= Description of the task =
Find every line in the records below that contains "Lucas", and copy it.

= Information shown =
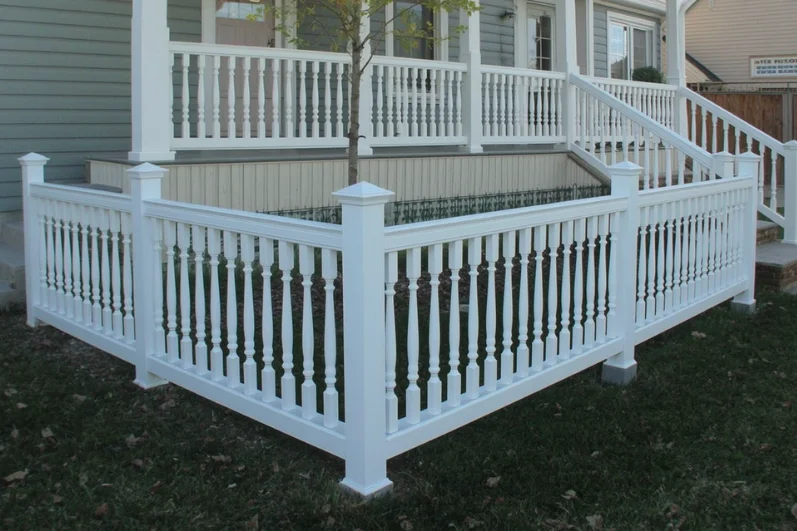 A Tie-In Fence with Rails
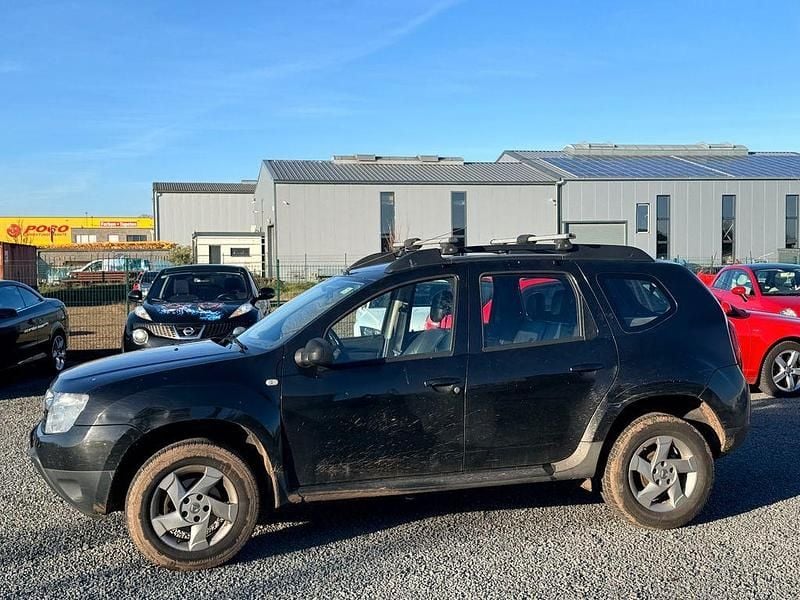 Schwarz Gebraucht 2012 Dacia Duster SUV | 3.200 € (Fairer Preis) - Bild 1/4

--

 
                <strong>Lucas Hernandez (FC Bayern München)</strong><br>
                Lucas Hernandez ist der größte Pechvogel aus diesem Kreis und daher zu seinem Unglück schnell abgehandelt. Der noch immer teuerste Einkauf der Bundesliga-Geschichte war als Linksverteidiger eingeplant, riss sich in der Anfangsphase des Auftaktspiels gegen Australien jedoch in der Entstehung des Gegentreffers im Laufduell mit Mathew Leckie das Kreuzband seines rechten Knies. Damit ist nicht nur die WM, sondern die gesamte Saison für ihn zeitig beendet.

==

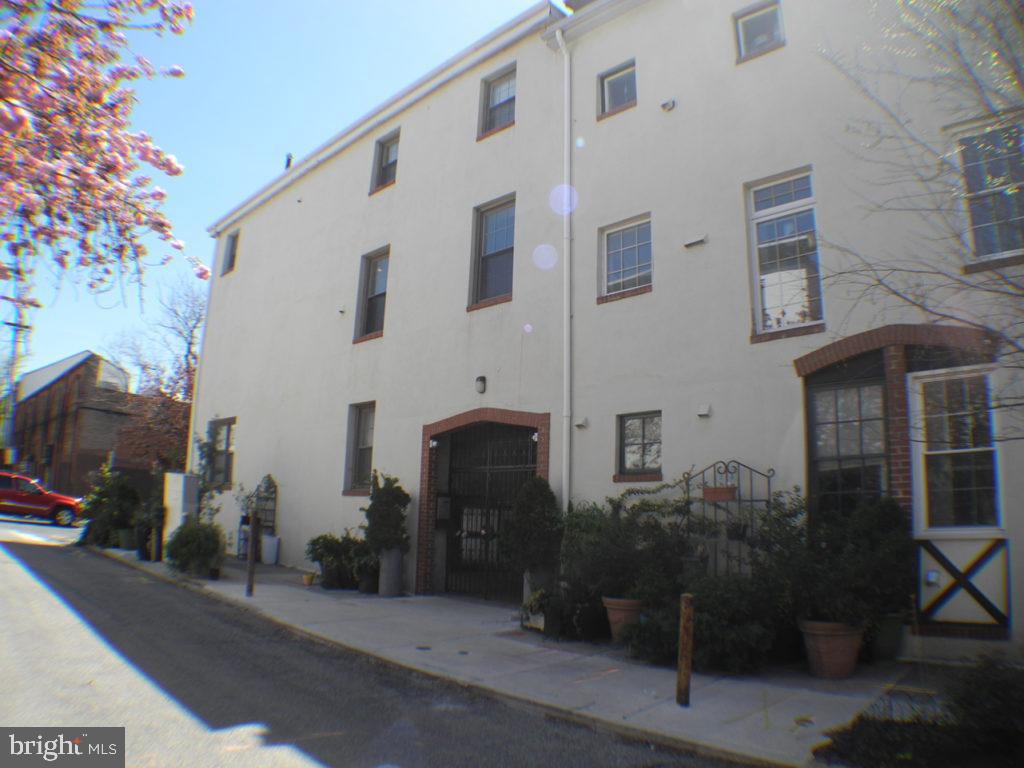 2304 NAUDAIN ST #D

= Solution below =
                <strong>Lucas Hernandez (FC Bayern München)</strong><br>
                Lucas Hernandez ist der größte Pechvogel aus diesem Kreis und daher zu seinem Unglück schnell abgehandelt. Der noch immer teuerste Einkauf der Bundesliga-Geschichte war als Linksverteidiger eingeplant, riss sich in der Anfangsphase des Auftaktspiels gegen Australien jedoch in der Entstehung des Gegentreffers im Laufduell mit Mathew Leckie das Kreuzband seines rechten Knies. Damit ist nicht nur die WM, sondern die gesamte Saison für ihn zeitig beendet.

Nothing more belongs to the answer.